# [Raw data]
##############################

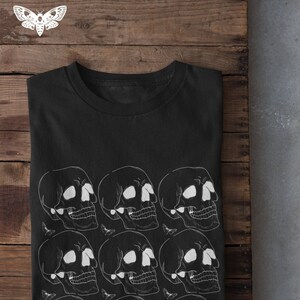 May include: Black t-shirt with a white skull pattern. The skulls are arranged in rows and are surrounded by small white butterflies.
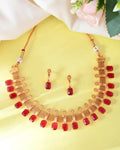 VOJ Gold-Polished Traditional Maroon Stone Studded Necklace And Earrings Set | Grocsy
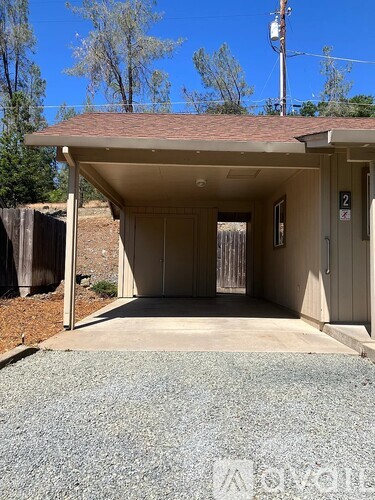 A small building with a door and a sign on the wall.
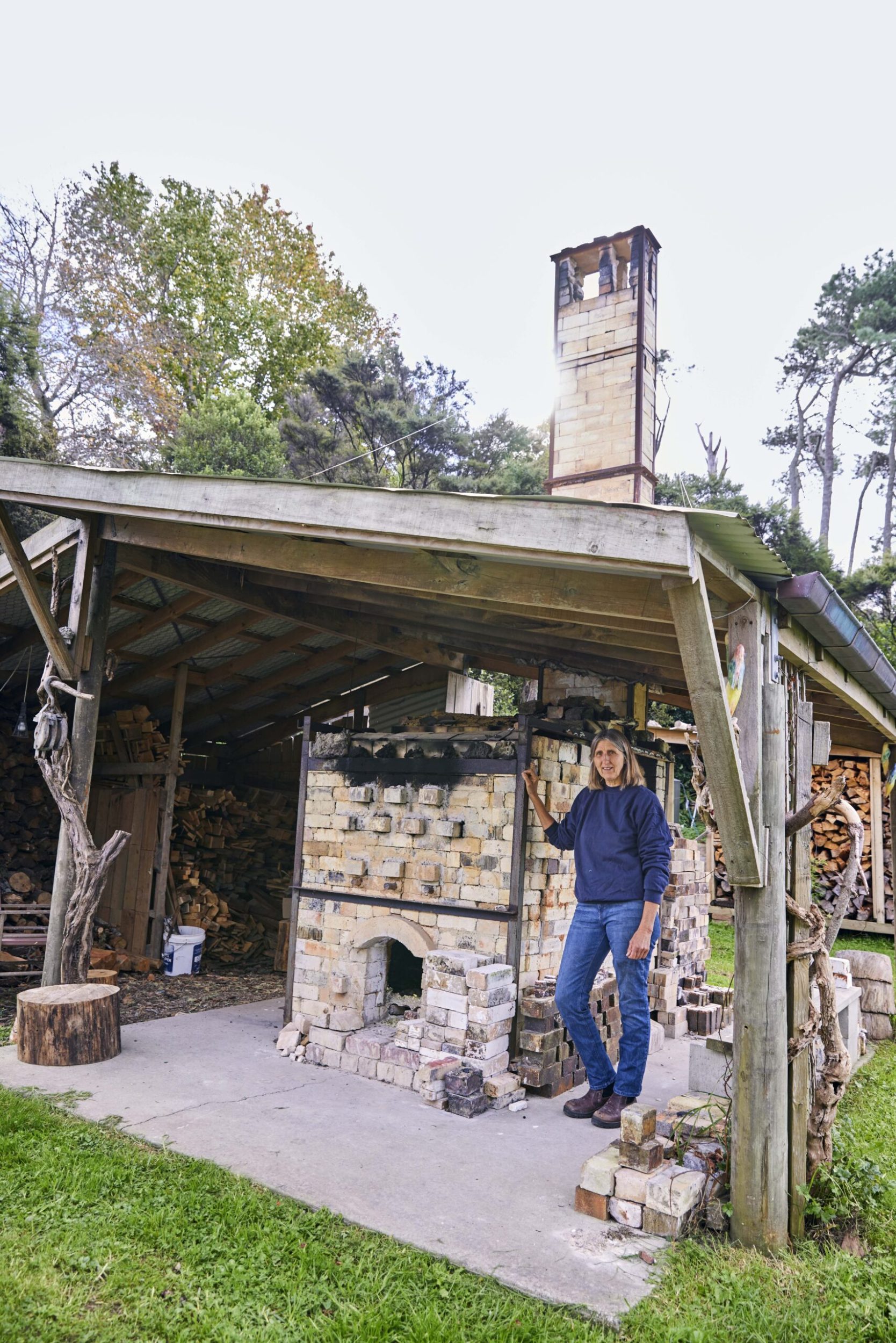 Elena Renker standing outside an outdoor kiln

##############################

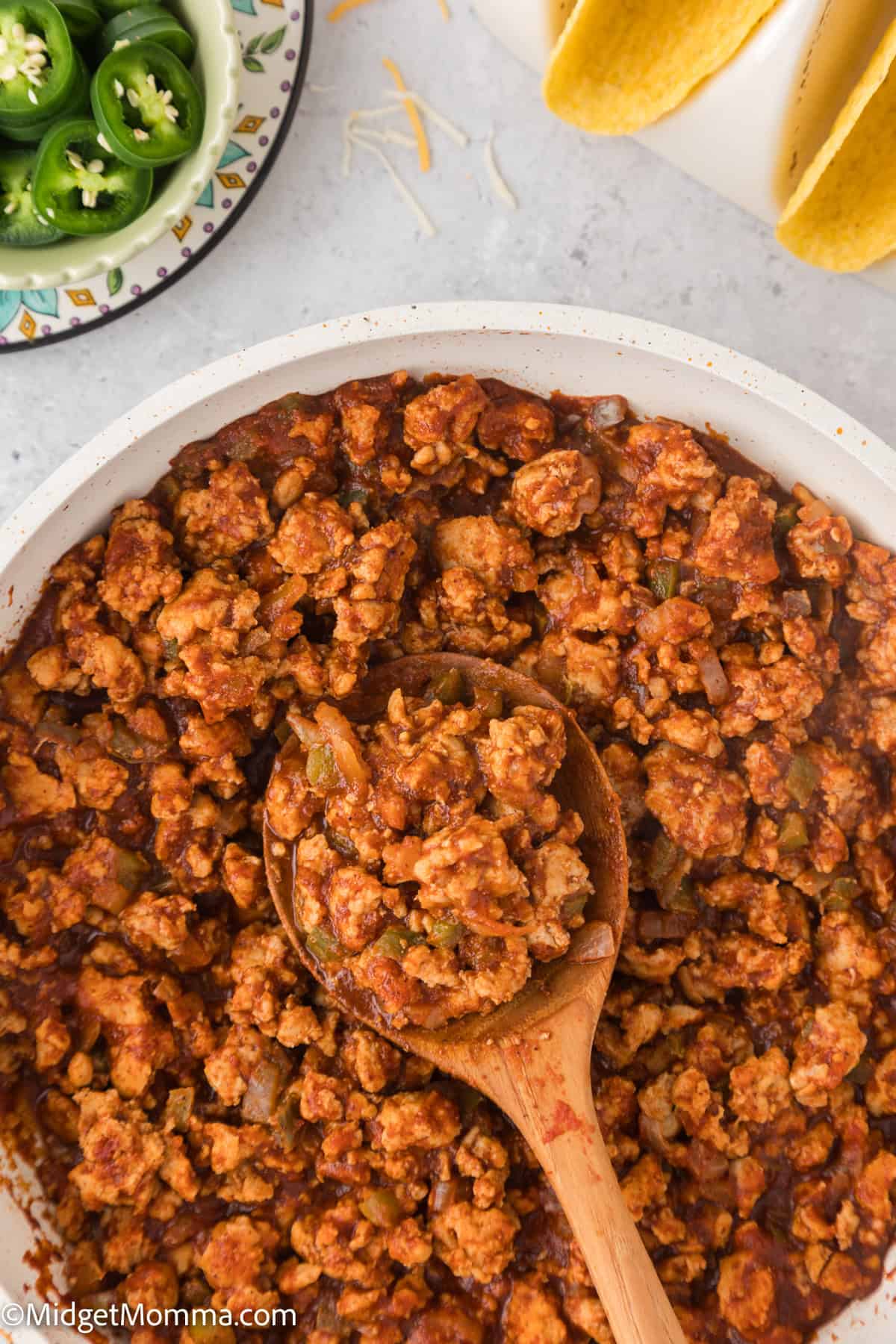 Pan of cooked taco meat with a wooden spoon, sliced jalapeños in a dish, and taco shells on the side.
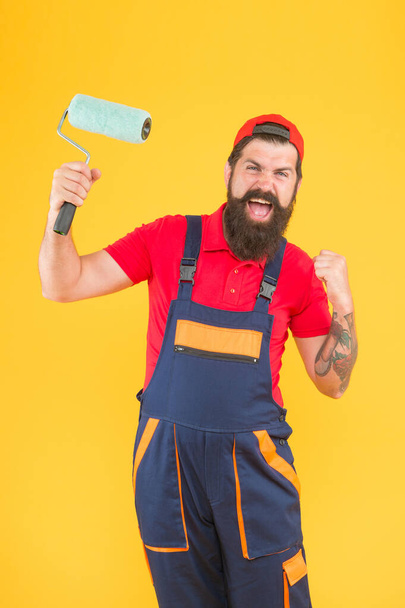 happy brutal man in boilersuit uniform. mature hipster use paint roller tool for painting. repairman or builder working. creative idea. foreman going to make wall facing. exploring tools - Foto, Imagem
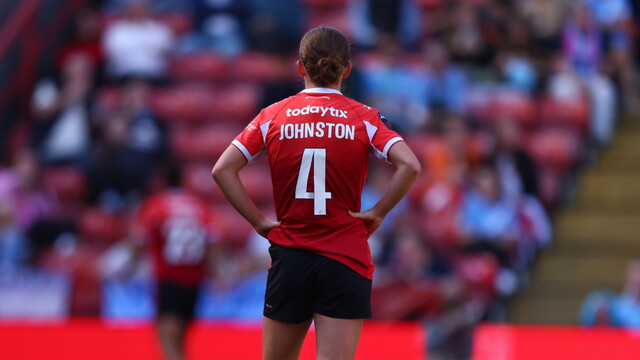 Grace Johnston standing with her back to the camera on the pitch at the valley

##############################

# [Description of the task]
Copy exactly, without pictures, the lines above from the one with "May include: Black" down to the one with "Elena Renker standing", inclusive.

# [Your response]
 May include: Black t-shirt with a white skull pattern. The skulls are arranged in rows and are surrounded by small white butterflies.
 VOJ Gold-Polished Traditional Maroon Stone Studded Necklace And Earrings Set | Grocsy
 A small building with a door and a sign on the wall.
 Elena Renker standing outside an outdoor kiln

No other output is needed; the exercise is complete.